**The data**
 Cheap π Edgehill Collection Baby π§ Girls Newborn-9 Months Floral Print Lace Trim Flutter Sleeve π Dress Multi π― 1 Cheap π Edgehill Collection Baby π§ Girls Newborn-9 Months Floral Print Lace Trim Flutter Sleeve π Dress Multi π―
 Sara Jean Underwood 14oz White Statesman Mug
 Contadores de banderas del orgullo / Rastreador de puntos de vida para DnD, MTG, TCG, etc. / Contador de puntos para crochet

---

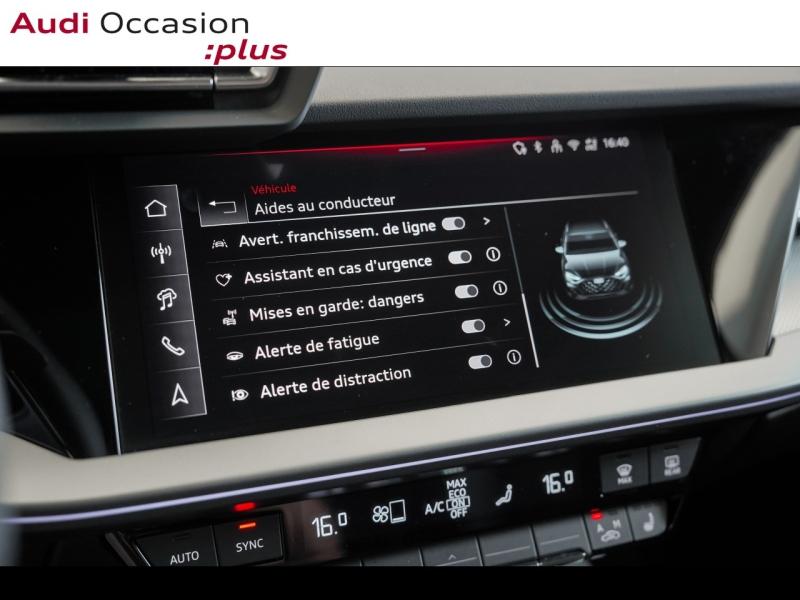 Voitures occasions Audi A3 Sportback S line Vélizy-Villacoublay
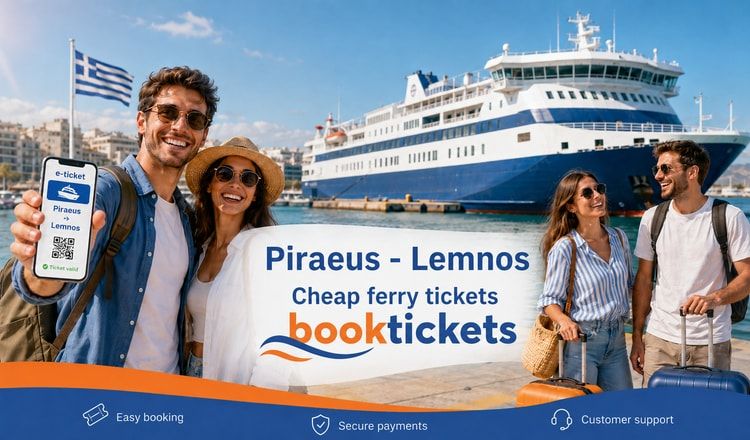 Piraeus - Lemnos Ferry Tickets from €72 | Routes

**Your goal**
Quote the listing above, but only from the line that shows "Dress Multi π― 1" through the line that shows "Contadores de banderas".

**Your response**
 Cheap π Edgehill Collection Baby π§ Girls Newborn-9 Months Floral Print Lace Trim Flutter Sleeve π Dress Multi π― 1 Cheap π Edgehill Collection Baby π§ Girls Newborn-9 Months Floral Print Lace Trim Flutter Sleeve π Dress Multi π―
 Sara Jean Underwood 14oz White Statesman Mug
 Contadores de banderas del orgullo / Rastreador de puntos de vida para DnD, MTG, TCG, etc. / Contador de puntos para crochet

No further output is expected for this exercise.